In the 2009 playoffs, James’ Cleveland Cavaliers finished a first-round sweep of Detroit on April 26 and didn’t start the next round until May 5. Having eight days between games didn’t hamper James in the slightest, as he had 34 points and 10 rebounds to start that next series against Atlanta.
Now James’ Miami Heat, after finishing an Eastern Conference first-round sweep of Milwaukee on Sunday, will have at least five days off before beginning play in an East semifinal against Chicago or Brooklyn. They could have seven or eight days off if the Nets, down 3-1, can fight back to force a seventh game.
“That won’t be a problem,’’ James said of Miami having a long layoff. “We’re a veteran ballclub, and that definitely won’t be a problem for me. I understand what the playoffs are all about. We got an opportunity to get a rest because we took care of business.’’
While some looking for things to write about could suggest otherwise, there is no downside to the Heat having so much time off before they must play again. The main reason is it gives extra time for guard Dwyane Wade to rest.
Wade, bothered by a sore right knee, sat out Sunday’s 88-77 win at Milwaukee. That was the right decision. Considering Wade previously had played in Thursday’s Game 3, he will end up with at least eight days of rest between games.
"It's big," Wade said of the layoff. "Obviously, we're one of the oldest teams in the league, maybe the oldest team in terms of rotation players. Guys have some bumps and bruises coming out of this series, so it's going to be great to get some rest. But also we have to take this time to continue to stay sharp, to continue to stay in shape as well."
Wade, who missed seven games late in the regular season due to the knee problem and had looked good in Game 2 against the Bucks before struggling in Game 3, vows to be ready for next weekend. He had tested his knee before Sunday’s game, but it was determined to hold him out.
“There wasn’t any improvement really from how he felt toward the end of the last game,’’ Heat coach Erik Spoelstra said of Wade being bothered by the knee when shooting just 1 of 12 in Game 3. “But he is making progress. We’ll continue to evaluate him every day …. In the last three weeks and month, he’s been making big strides, and it’s important to keep that in perspective.’’

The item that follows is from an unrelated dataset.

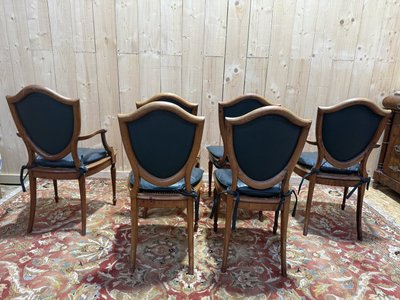 Suite di 4 sedie e 2 poltrone inglesi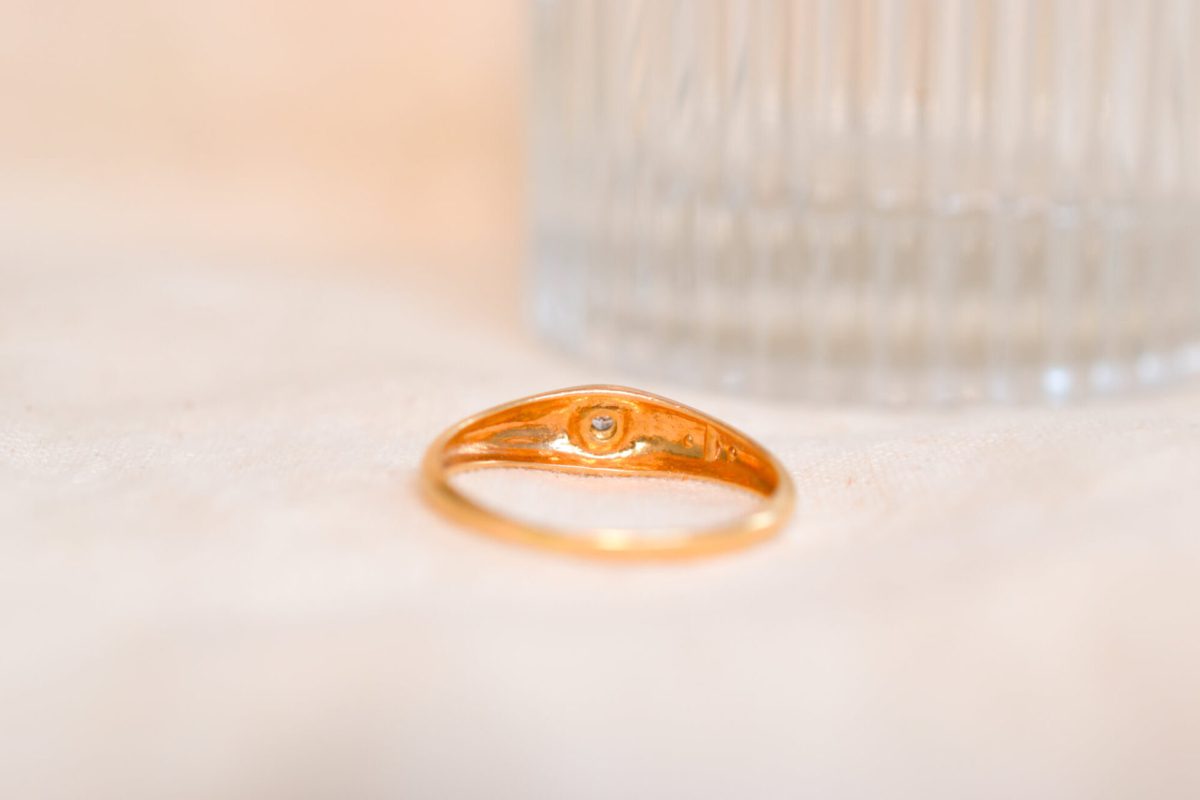 Bague Jonc Vintage en Or jaune 18 carats sertie d'un Diamant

It’s all about the big picture for the Heat, heavy favorites to win a second straight championship. James reinforced that when talking Sunday morning to Wade.
“I basically told him, ‘Hey, if you’re not feeling it, if you don’t feel like you’re going to be 100 percent or obviously as close to 100 percent … then don’t push it,’ ’’ said James, who had a team-high 30 points in the clincher. “We’ve seen too many injuries already in our NBA season this year …. That kind of crossed my mind.’’

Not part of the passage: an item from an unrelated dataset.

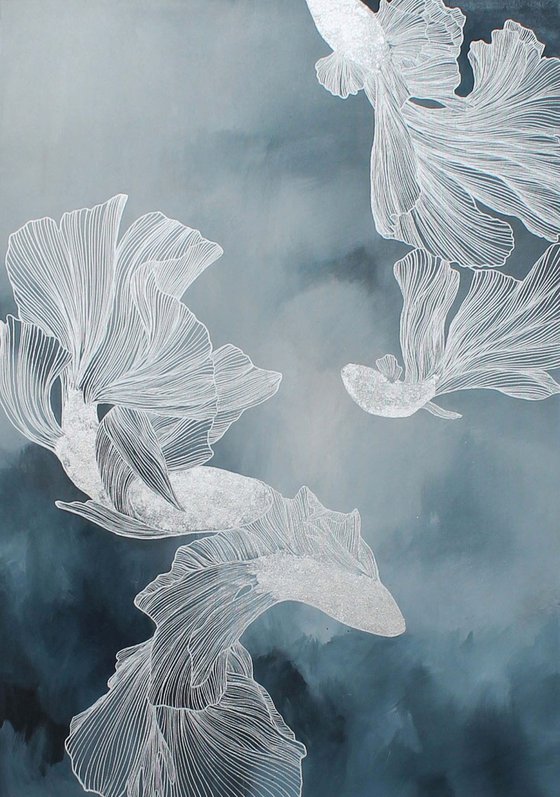 "Immensity 2" Blue silver fish abstract art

It’s been on plenty of minds. Top players having been lost for the season either late in the regular season or during the playoffs have included Danilo Gallinari, Kobe Bryant, David Lee and Russell Westbrook.
It was just the second of 115 career playoff games missed by Wade. He previously sat out Game 6 of an East final against Detroit on June 4, 2005, due to a rib injury.

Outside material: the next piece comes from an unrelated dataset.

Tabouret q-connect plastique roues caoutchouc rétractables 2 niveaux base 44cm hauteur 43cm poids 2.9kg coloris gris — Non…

Wade had to return then two days later for a Game 7, which Miami lost. But now he’ll have plenty of time to ease his way back.
The Heat will take Monday off from practice. They're not expected to go back to work until Tuesday or Wednesday.
If the Chicago Bulls close out the Brooklyn Nets on Monday night in Brooklyn, the Heat would know their next foe when they next step on the practice court. If not, they’ll have to wait to see what occurs in Game 6 on Thursday in Chicago.
Regardless of what happens, don’t expect the Heat to be taking it too easy in practice this week.
“The biggest focus for us will be keeping ourselves physically ready, and that’s probably the most abnormal of the circumstances,’’ Spoelstra said of a long layoff. “You’re used to playing every 48 hours or so. That’s the NBA rhythm …. Mentally, I’m not as concerned about our guys gritting their teeth. It’s too far ahead and we don’t even know how long this time will be. But we’ll have to go make sure we strike a balance between our conditioning, staying fit, working at our game, getting after it with pads in practice and also making sure our guys are healthy and we’re not doing too much.’’
If Bulls win their series in six games or fewer, the next round could start as soon as Saturday at AmericanAirlines Arena. The Heat had been scheduled that day to host a Game 7, and that is also the day for a possible Game 7 in Brooklyn.
If the Bulls-Nets series goes seven, May 6 is the soonest Miami could play again. That would mark seven days without a game for the Heat.
That likely wouldn’t be a problem for James. He’s proven to be great on second nights of back-to-backs and when he has eight days off between games.